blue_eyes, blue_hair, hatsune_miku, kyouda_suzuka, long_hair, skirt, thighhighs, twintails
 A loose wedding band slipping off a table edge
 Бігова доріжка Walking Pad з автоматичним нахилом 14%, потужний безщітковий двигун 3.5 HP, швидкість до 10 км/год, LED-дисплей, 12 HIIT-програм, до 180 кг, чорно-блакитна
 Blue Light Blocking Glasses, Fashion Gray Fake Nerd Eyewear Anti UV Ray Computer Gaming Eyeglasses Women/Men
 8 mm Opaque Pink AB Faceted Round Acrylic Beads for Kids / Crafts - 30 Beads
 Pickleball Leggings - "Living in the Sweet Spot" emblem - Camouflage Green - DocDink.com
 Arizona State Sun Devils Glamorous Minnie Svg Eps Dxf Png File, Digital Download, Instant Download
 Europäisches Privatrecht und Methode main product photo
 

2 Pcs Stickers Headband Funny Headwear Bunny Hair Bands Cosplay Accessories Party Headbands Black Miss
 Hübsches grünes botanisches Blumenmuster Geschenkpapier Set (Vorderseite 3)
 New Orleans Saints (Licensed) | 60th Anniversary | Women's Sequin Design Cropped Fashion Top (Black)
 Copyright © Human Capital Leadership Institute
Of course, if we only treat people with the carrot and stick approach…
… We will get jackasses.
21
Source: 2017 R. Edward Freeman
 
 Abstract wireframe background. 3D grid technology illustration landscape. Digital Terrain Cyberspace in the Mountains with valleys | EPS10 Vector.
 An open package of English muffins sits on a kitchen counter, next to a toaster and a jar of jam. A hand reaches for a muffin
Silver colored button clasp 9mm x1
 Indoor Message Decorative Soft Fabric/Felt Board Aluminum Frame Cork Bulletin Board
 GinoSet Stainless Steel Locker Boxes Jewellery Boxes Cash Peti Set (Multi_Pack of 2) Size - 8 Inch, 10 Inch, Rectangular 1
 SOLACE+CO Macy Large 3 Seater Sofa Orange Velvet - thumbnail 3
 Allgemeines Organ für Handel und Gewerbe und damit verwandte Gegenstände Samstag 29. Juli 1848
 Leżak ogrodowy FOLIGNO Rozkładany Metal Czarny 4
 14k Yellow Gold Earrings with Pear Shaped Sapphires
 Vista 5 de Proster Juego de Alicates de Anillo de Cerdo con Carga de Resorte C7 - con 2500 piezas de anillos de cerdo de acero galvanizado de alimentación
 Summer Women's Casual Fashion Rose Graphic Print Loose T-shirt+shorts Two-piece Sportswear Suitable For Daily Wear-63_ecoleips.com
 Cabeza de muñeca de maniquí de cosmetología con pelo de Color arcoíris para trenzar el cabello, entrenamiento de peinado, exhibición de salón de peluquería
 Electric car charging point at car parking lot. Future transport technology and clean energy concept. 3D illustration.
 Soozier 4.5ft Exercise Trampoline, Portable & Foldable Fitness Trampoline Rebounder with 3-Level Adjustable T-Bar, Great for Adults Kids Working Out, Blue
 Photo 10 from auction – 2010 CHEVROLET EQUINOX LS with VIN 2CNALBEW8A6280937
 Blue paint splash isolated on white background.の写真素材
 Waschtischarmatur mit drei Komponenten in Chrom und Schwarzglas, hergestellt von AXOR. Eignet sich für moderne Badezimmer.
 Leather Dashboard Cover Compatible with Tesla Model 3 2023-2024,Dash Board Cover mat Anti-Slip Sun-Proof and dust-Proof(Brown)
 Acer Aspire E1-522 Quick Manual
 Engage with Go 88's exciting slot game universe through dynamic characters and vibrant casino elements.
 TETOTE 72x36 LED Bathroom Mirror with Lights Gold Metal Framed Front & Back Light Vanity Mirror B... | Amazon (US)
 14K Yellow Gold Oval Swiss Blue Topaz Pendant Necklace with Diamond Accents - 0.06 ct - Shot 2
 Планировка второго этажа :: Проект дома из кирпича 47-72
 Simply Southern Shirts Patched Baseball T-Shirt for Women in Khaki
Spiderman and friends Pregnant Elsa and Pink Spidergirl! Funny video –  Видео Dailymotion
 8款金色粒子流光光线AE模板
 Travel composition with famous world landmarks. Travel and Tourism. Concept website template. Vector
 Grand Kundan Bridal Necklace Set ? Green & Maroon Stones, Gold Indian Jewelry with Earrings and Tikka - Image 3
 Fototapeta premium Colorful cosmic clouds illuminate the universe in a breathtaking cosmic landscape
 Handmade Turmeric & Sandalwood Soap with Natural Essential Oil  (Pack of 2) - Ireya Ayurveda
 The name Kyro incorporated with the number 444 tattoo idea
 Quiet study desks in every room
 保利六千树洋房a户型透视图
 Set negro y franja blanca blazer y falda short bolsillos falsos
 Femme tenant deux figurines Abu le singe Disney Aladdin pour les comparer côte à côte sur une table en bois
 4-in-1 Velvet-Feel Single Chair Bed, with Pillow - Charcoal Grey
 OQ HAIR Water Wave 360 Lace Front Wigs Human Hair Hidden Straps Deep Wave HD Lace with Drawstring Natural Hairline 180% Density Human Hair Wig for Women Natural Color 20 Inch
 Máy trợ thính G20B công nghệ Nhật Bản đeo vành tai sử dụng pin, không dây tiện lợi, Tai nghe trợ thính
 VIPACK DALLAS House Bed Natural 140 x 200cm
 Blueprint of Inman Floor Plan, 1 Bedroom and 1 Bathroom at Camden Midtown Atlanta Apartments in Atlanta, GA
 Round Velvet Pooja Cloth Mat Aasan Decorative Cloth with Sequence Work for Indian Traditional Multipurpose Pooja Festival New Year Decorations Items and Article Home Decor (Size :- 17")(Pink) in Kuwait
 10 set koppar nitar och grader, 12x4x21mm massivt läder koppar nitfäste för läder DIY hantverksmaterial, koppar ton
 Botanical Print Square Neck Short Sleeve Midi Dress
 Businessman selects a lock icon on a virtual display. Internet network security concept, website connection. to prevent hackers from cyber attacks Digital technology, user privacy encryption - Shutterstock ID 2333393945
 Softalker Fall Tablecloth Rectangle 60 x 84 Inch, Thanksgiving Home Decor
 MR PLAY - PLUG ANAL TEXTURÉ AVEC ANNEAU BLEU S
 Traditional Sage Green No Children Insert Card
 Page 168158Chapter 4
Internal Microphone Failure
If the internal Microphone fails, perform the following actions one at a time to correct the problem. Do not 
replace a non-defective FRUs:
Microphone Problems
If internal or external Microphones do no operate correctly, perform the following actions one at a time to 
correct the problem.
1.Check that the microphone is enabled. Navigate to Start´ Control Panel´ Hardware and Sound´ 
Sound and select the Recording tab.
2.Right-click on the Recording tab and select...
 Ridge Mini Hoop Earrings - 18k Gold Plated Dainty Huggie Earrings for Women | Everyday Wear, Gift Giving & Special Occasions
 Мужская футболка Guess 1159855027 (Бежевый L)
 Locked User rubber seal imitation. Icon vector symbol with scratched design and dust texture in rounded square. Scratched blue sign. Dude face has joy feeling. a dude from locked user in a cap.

_____

Filter the material for the word "Sound" and copy each matching line.

1.Check that the microphone is enabled. Navigate to Start´ Control Panel´ Hardware and Sound´ 
Sound and select the Recording tab.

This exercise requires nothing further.